**The problem**
Task for the records below: repeat the line containing "东契奇控制球权，比赛完全照他的方式走" and every line after it, exactly and with nothing else, but leave out the pictures.

**The input**

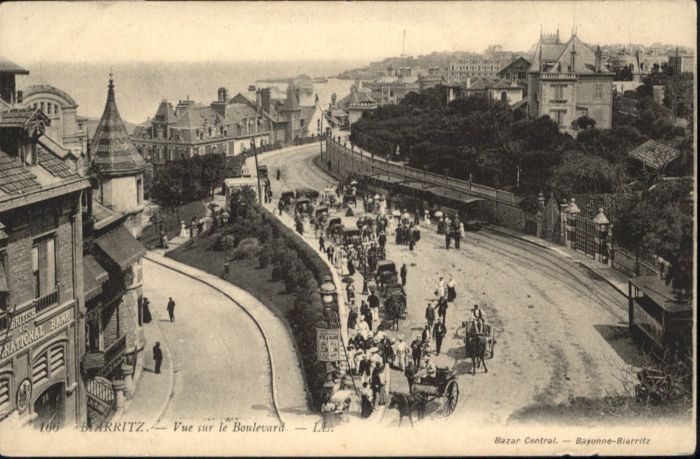 Biarritz Pyrenees Atlantiques Biarritz Vue Boulevard Kutsche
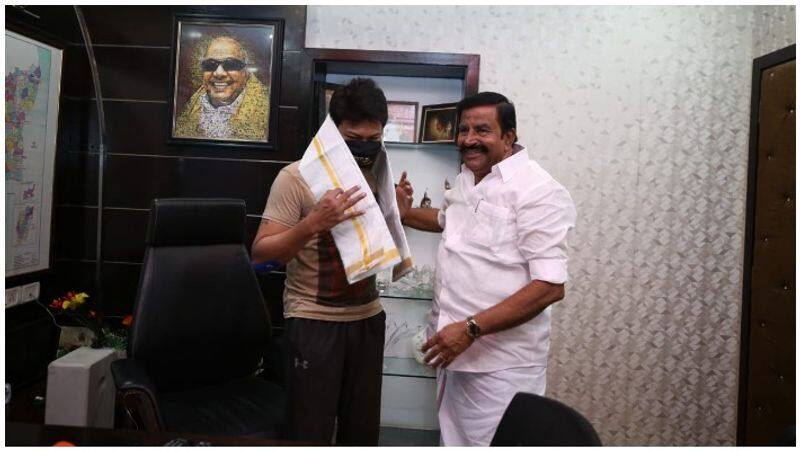 I have no value in DMK ... Udayanidhi Stalin lamented to famous actor ..!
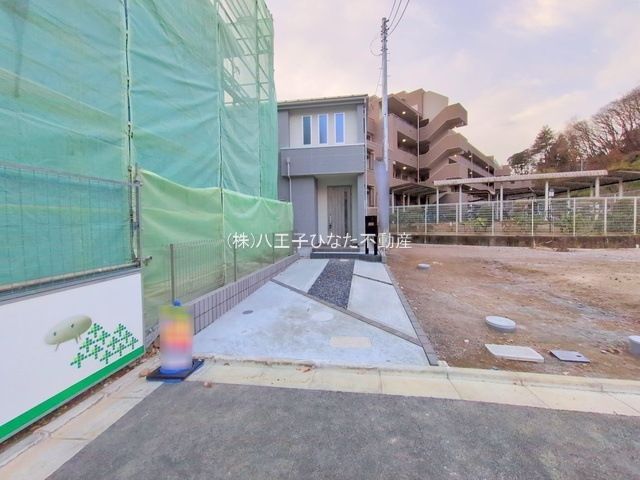 祝　成約済み　八王子市　館町　新築戸建ての外観|自然豊かな高尾の新築戸建てです。～仲介手数料無料☆八王子ひなた不動産～八王子市館町　新築戸建て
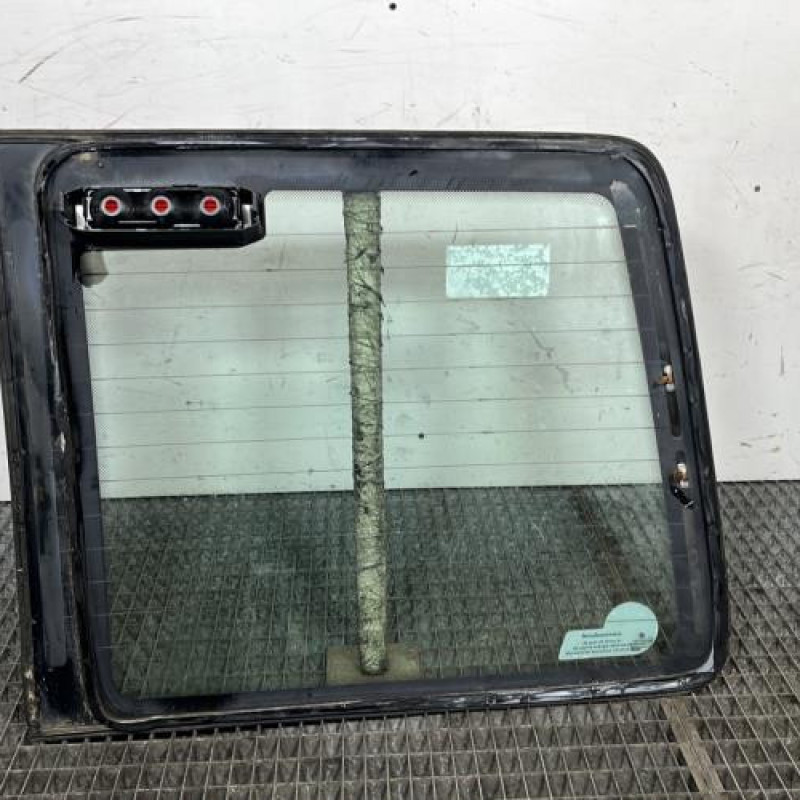 Vitre porte coffre gauche VOLKSWAGEN TRANSPORTER 4 Photo n°4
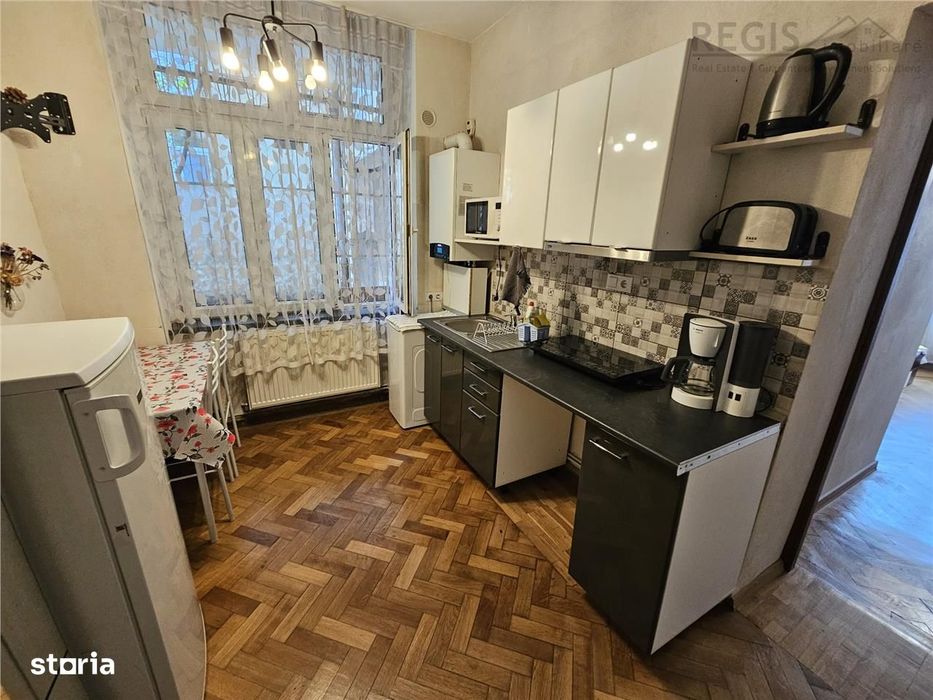 Investitie la cheie in zona centrala! 2 apartamente la casa, transform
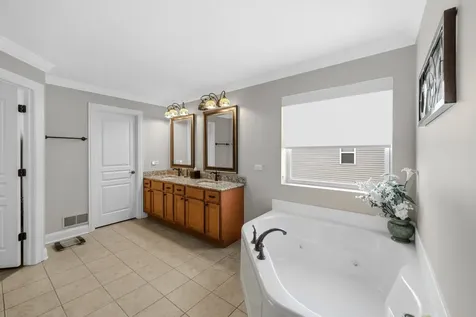 1139 Magnolia Road Mundelein IL 60060
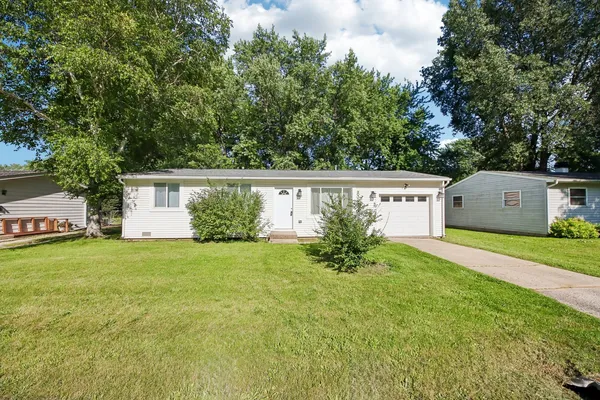 $286,000 | 2804 Old Oak Drive, McHenry, IL 60050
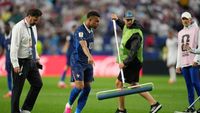 Kylian Mbappe saat terlihat memberikan instruksi kepada staf lapangan dalam laga persahabatan antara Prancis melawan Irak, memicu perdebatan di media sosial.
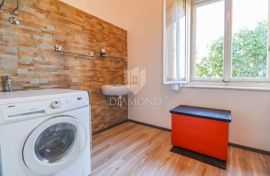 Unikatni stan u Austrougarskoj vili u srcu Pule s dvorištem!, Pula, Apartamento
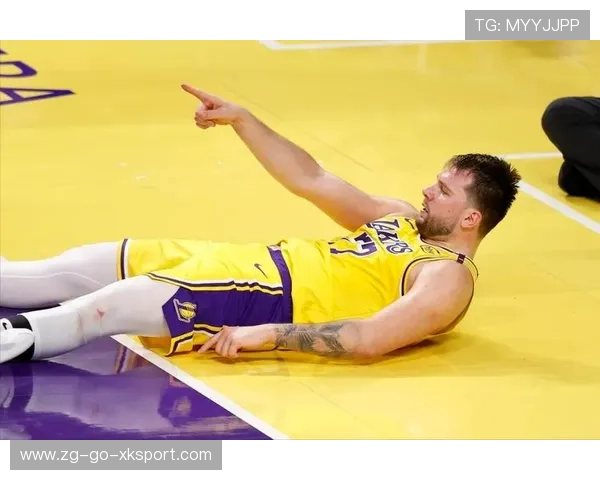 东契奇控制球权，比赛完全照他的方式走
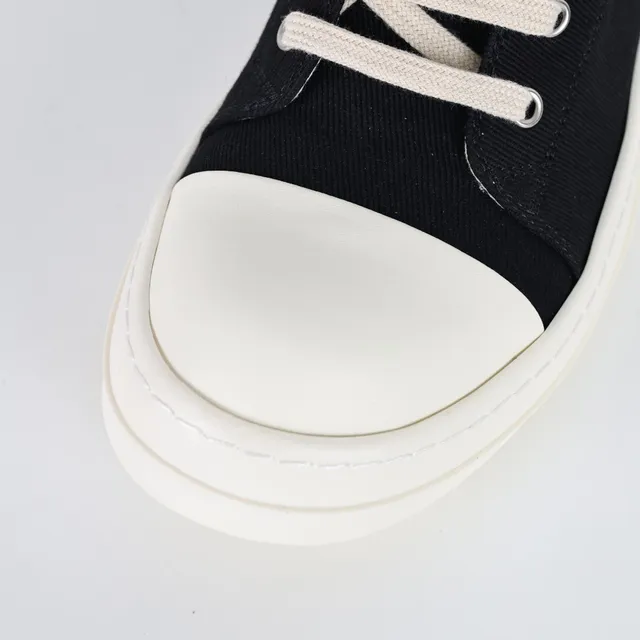 Black and Cream Canvas High-Top Platform Lifestyle Sneakers 5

**Exercise output**
 东契奇控制球权，比赛完全照他的方式走
 Black and Cream Canvas High-Top Platform Lifestyle Sneakers 5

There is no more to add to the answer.